Please give again, word for word, each line that falls between the line with "Wetenschap Doodles: Handgetekende" and the end of the data, inclusive.

-.-.-

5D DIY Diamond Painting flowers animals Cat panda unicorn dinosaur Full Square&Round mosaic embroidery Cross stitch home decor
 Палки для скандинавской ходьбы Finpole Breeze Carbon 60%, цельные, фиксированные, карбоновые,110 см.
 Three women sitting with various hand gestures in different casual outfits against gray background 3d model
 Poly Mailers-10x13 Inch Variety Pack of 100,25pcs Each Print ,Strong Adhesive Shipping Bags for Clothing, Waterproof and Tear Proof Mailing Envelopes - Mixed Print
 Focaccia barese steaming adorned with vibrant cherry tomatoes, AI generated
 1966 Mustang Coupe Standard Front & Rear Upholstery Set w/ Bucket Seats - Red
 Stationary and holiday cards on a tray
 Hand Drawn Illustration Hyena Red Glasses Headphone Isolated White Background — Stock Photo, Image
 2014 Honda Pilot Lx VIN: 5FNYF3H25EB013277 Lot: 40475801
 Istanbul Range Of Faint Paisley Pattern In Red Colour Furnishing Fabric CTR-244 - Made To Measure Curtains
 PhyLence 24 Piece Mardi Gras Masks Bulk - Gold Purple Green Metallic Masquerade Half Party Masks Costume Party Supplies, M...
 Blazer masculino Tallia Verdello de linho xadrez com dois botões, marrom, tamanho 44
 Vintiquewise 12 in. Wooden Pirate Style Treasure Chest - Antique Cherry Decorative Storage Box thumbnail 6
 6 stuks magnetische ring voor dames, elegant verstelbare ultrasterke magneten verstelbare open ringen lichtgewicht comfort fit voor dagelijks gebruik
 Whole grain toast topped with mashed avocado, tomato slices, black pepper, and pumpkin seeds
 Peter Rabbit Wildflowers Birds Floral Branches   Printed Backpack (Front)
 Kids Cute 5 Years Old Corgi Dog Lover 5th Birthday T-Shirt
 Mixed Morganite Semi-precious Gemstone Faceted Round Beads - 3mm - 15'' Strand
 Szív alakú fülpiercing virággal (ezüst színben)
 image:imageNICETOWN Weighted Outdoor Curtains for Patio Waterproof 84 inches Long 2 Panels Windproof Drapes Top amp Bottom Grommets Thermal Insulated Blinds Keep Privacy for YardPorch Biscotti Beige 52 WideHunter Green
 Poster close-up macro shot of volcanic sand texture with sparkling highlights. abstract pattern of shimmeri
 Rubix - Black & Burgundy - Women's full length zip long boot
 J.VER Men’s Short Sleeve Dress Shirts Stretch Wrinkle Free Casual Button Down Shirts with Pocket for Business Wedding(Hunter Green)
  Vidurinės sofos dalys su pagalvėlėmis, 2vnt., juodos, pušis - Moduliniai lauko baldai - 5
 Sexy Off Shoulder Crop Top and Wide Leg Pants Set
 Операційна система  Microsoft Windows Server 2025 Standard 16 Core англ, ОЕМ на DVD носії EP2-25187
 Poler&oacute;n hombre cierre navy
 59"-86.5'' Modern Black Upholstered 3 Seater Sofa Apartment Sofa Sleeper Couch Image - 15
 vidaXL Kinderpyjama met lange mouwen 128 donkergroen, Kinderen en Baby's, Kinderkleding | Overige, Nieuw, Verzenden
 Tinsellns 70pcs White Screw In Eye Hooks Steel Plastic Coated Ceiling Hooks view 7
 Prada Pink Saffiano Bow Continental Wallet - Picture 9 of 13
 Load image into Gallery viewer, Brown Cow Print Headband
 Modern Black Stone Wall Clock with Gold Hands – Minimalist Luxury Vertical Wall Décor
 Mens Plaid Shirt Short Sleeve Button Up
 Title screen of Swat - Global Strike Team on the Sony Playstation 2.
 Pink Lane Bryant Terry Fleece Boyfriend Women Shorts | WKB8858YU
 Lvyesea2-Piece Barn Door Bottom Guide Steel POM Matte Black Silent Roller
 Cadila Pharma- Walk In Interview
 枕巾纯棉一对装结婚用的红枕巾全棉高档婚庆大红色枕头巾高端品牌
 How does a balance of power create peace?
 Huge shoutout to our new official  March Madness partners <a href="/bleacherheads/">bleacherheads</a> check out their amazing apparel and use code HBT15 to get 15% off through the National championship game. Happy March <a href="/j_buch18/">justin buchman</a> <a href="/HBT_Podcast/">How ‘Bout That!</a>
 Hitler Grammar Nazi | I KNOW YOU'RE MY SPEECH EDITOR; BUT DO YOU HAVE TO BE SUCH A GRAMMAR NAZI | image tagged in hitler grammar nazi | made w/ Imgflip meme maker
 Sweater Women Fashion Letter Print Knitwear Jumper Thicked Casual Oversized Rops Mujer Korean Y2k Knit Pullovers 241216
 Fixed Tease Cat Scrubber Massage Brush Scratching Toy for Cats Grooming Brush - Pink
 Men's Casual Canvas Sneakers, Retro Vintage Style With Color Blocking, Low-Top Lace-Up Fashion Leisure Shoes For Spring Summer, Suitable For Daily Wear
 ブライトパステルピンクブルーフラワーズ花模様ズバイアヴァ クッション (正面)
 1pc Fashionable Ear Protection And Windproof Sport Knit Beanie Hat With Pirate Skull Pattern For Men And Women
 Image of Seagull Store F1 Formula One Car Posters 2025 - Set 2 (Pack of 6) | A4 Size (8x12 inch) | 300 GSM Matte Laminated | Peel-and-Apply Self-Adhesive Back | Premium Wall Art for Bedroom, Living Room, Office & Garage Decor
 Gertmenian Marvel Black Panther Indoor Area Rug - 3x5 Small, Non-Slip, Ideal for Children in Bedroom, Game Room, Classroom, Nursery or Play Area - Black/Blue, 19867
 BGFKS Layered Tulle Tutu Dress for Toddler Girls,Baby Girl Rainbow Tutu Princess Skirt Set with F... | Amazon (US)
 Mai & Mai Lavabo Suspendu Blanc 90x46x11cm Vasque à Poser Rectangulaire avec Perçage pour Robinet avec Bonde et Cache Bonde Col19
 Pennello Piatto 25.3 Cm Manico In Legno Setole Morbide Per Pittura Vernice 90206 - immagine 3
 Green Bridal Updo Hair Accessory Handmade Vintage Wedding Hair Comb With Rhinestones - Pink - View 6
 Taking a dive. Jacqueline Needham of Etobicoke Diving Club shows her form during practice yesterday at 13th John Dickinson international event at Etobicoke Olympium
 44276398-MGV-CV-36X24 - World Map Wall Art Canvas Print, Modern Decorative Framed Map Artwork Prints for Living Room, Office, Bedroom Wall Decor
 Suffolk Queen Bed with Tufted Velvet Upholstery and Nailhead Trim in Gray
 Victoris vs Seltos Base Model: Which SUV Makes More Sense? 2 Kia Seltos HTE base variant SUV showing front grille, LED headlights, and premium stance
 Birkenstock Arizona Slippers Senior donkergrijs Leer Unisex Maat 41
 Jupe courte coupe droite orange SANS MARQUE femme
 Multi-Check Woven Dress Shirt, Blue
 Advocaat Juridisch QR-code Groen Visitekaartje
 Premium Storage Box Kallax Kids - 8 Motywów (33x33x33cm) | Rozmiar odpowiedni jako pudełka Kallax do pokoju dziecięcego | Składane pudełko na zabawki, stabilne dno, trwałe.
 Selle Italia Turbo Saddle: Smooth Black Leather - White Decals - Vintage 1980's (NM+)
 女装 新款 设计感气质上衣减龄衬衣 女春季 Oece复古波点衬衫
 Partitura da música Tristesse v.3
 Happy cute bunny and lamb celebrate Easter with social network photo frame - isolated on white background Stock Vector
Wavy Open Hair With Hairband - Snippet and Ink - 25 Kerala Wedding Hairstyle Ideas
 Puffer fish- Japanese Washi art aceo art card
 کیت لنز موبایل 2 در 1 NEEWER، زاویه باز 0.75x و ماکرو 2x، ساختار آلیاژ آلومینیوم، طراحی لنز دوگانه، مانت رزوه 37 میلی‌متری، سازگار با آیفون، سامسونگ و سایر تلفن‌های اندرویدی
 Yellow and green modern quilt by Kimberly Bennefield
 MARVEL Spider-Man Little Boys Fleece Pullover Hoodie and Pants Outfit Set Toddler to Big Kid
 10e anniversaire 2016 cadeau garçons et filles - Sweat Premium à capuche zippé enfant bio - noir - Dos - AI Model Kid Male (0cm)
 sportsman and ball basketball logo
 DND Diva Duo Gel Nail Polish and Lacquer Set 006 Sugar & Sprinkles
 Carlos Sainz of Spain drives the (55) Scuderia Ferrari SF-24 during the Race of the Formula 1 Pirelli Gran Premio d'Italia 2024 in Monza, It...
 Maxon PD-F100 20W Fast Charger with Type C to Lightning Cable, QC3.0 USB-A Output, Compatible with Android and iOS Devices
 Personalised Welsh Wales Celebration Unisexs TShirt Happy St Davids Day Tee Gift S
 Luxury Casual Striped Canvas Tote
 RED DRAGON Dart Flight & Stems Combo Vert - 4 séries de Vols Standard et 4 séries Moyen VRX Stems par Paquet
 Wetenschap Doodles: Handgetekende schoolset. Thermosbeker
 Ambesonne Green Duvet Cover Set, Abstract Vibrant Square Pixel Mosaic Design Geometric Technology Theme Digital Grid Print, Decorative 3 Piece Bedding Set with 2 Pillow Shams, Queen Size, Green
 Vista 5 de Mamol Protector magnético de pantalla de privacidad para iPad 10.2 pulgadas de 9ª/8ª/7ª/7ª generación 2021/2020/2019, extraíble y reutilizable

-.-.-

→ Response to the task:
 Wetenschap Doodles: Handgetekende schoolset. Thermosbeker
 Ambesonne Green Duvet Cover Set, Abstract Vibrant Square Pixel Mosaic Design Geometric Technology Theme Digital Grid Print, Decorative 3 Piece Bedding Set with 2 Pillow Shams, Queen Size, Green
 Vista 5 de Mamol Protector magnético de pantalla de privacidad para iPad 10.2 pulgadas de 9ª/8ª/7ª/7ª generación 2021/2020/2019, extraíble y reutilizable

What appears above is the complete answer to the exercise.